À margem da cerimónia de entrega do Prémio Pessoa, Lídia Jorge, em declarações aos jornalistas presentes na sessão, fez o elogio da Literatura afirmando que "não há outra disciplina tão intensa e forte", que permita "entender o outro", e associou a candidatura de António José Seguro à possibilidade de "construir um país com a ajuda de todos".
"O que a narrativa faz, o que a narrativa está sempre a dizer, é que a minha história não é mais importante do que a dos outros. E isto torna-nos muito mais humanos", disse Lídia Jorge, num elogio à Literatura, acrescentando que não distingue "as pessoas pelos sinais exteriores de riqueza, mas por esses sinais interiores de riqueza, que é [a capacidade de] entender o outro".

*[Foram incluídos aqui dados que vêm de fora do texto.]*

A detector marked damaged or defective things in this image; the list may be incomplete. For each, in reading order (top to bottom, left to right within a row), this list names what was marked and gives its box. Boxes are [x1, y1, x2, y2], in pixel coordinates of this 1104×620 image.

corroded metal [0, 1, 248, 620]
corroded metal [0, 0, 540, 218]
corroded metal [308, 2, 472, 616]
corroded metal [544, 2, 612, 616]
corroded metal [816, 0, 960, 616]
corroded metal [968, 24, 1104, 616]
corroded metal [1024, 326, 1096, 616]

Interrogada sobre o papel da Cultura no mundo de hoje, a escritora lembrou que "a Cultura move-se na subjetividade, no campo do mundo interior" e que, atualmente, "está por toda a parte a dizer: os homens bons estão acobardados e as pessoas perto da delinquência estão cheias de coragem".
Segundo Lídia Jorge, a Cultura é assim "o reduto daqueles que estão a dizer que uns países não podem mandar noutros".

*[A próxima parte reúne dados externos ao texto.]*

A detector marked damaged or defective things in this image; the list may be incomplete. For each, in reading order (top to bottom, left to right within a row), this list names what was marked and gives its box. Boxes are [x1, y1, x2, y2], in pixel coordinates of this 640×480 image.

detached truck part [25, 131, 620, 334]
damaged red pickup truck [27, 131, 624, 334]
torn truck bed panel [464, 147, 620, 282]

"A Cultura está a dizer que temos de lutar pela liberdade, que temos de lutar para que sejamos todos fraternos [...], porque, se não o formos, não seremos", afirmou a autora de "Misericórdia", acrescentando que são precisas "novas utopias".

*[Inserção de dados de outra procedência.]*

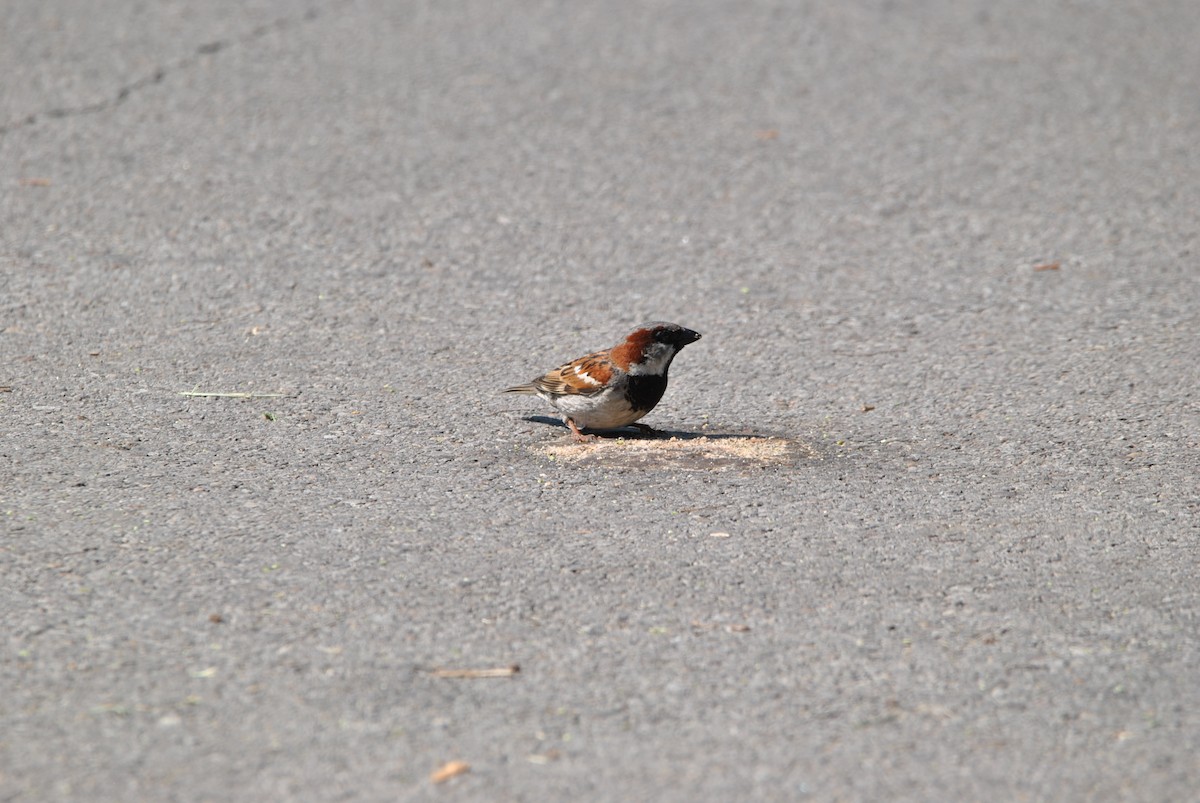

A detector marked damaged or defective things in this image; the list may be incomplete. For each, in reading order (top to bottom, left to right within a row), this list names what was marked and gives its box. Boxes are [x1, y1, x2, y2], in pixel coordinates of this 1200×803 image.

crack in asphalt [0, 8, 319, 136]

Interrogada pela RTP sobre a atualidade do seu discurso do passado dia 10 de junho, Lídia Jorge reiterou as suas palavras.
Na altura, a escritora, como presidente da comissão organizadora das comemorações do Dia de Portugal, de Camões e das Comunidades Portuguesa, alertou para os riscos do populismo, condenou o racismo e a xenofobia, rejeitou a ideia de pureza de sangue, defendeu os valores humanos e recordou a mistura de povos e culturas que enriquecem a identidade portuguesa.
"No fundo, o que eu disse é que todos nós temos direito à cidadania", afirmou hoje a autora de "O Dia dos Prodígios", dando como exemplo "a votação tão expressiva na proposta que venceu" as eleições presidenciais do passado domingo.
"Esta proposta", concluiu Lídia Jorge numa referência à candidatura de António José Seguro, "inclui exatemente isso mesmo: a inclusão de todos, a ideia de construir um país com a ajuda de todos".
Lídia Jorge recebeu hoje o Prémio Pessoa 2025, que lhe foi entregue pelo Presidente da República, Marcelo Rebelo de Sousa, que também lhe atribuiu a grã-cruz da Ordem de Sant`Iago da Espada, numa cerimónia na sede da Caixa Geral de Depósitos (CGD), em Lisboa.
Na sua intervenção, a escritora incitou à vigilância sobre a Inteligência Artificial (IA), numa defesa do "pensamento autónomo e singular".
Para Lídia Jorge, "no mundo de hoje, decomposto, à beira do estado de alucinação", a linguagem, a Poética, o pensamento são determinantes, tal como a vigilância sobre o poder das máquinas e a falsidade difícil de desmontar.
Nascida há 79 anos em Boliqueime, no Algarve, Lídia Jorge estreou-se no romance em 1980 com "O Dia dos Prodígios". Ao longo da carreira, recebeu os mais importantes prémios literários portugueses e internacionais, como o Prémio Médicis de Melhor Romance Estrangeiro publicado em França, por "Misericórdia", em 2023, e o Prémio FIL de Literatura em Línguas Românicas em 2020, de Guadalajara, um dos mais importantes da América Latina.
Ao Prémio Pessoa juntam-se outras distinções que a autora de "O Vale da Paixão" (1998) e "Os Memoráveis" (2014) tem recebido, designadamente, os prémios da Latinidade, da União Latina e Luso-Espanhol de Arte e Cultura.
O Estado português condecorou-a com a Grã-Cruz da Ordem do Infante D. Henrique, e França com a comenda da Ordem das Artes e Letras.
O Prémio Pessoa tem um valor monetário associado de 70 mil euros.